▶ _INFORMATION PROVIDED_:
-- Opening Marker --

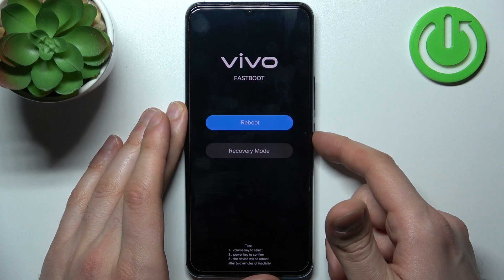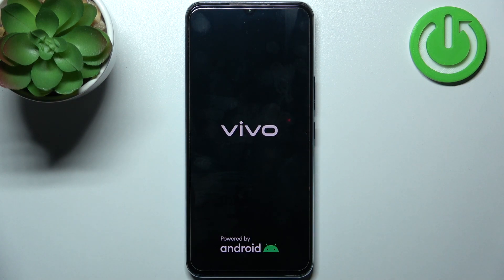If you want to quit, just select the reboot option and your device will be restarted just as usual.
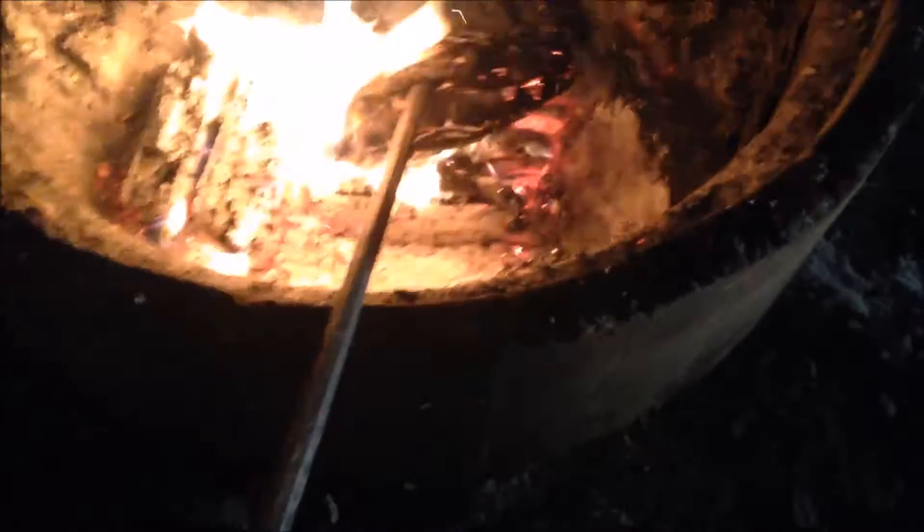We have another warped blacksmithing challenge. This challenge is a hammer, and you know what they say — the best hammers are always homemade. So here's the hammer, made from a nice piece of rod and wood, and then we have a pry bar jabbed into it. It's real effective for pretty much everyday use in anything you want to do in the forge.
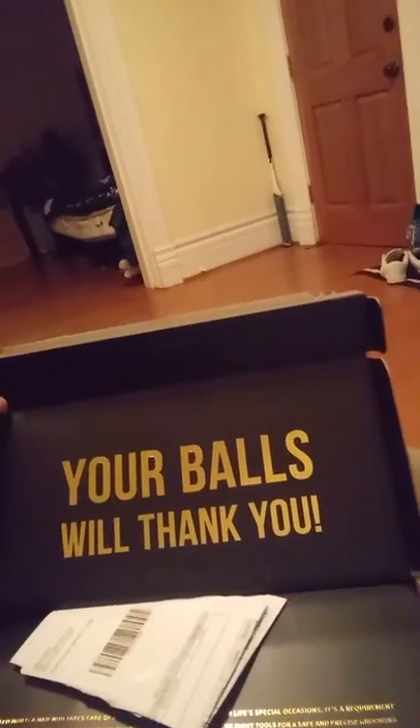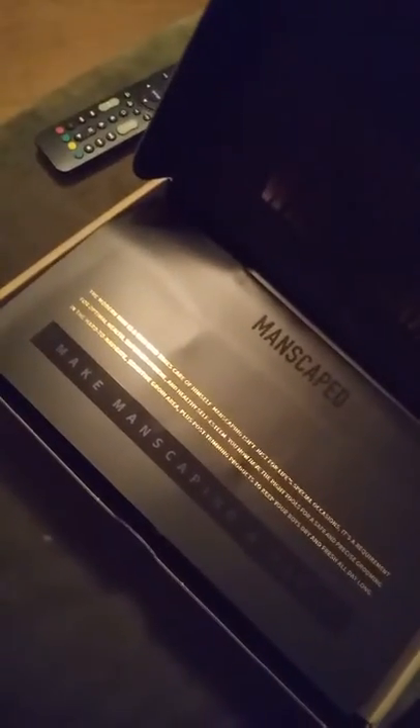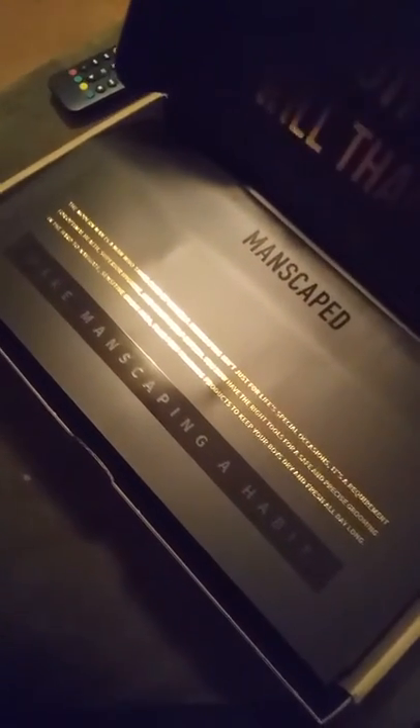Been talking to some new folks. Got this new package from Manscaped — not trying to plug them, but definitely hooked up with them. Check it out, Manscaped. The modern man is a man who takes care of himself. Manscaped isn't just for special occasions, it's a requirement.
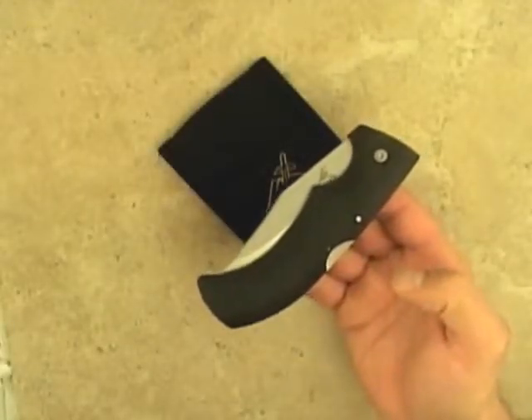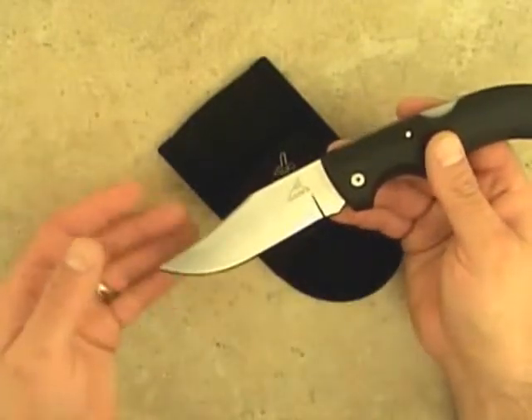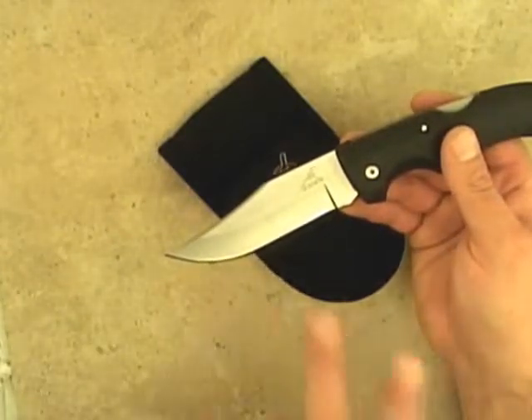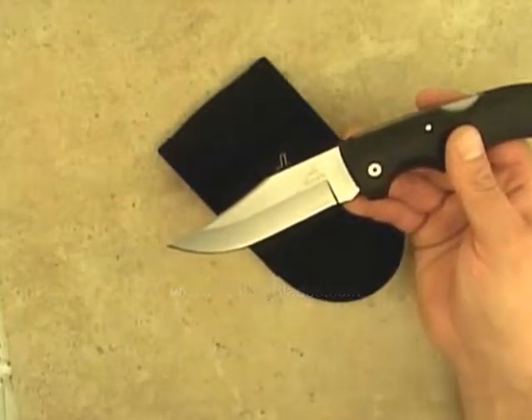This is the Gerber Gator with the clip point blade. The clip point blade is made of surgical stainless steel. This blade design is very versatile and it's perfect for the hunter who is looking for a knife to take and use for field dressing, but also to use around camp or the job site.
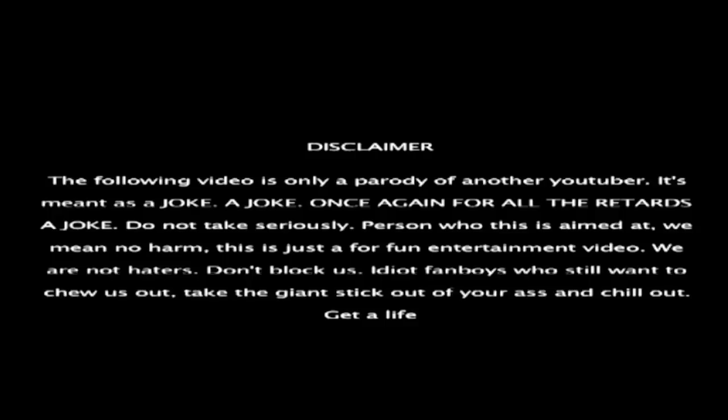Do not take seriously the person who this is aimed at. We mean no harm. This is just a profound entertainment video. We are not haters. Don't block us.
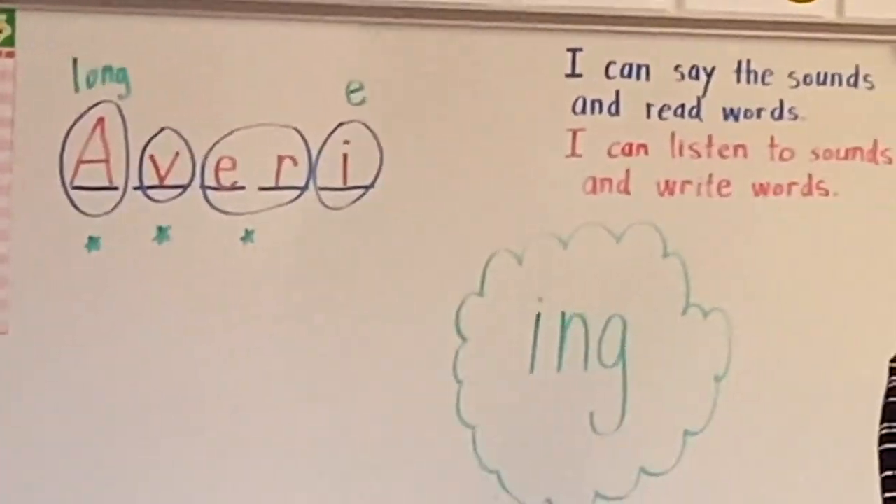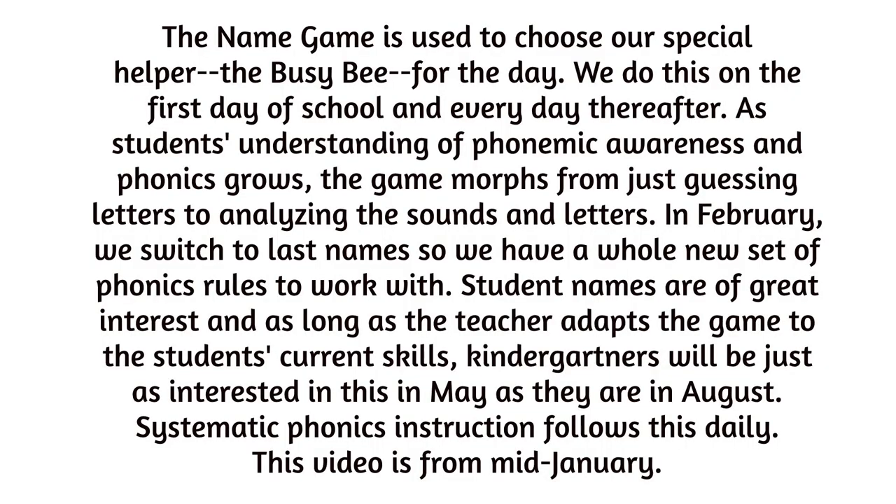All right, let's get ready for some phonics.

-- Closing Marker --
-- Opening Marker --

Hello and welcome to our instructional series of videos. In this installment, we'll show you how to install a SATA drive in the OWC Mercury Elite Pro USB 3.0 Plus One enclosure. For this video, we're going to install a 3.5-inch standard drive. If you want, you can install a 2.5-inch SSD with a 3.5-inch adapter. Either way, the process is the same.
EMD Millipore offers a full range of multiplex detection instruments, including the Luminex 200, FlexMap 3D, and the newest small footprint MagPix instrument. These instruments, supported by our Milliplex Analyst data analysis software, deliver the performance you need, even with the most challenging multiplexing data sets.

-- Closing Marker --

▶ _TASK STATEMENT_:
Your answer should consist of the lines above between those holding "If you want to" and "We have another", inclusive, reproduced word for word and without pictures.

▶ _EXERCISE OUTPUT_:
If you want to quit, just select the reboot option and your device will be restarted just as usual.
We have another warped blacksmithing challenge. This challenge is a hammer, and you know what they say — the best hammers are always homemade. So here's the hammer, made from a nice piece of rod and wood, and then we have a pry bar jabbed into it. It's real effective for pretty much everyday use in anything you want to do in the forge.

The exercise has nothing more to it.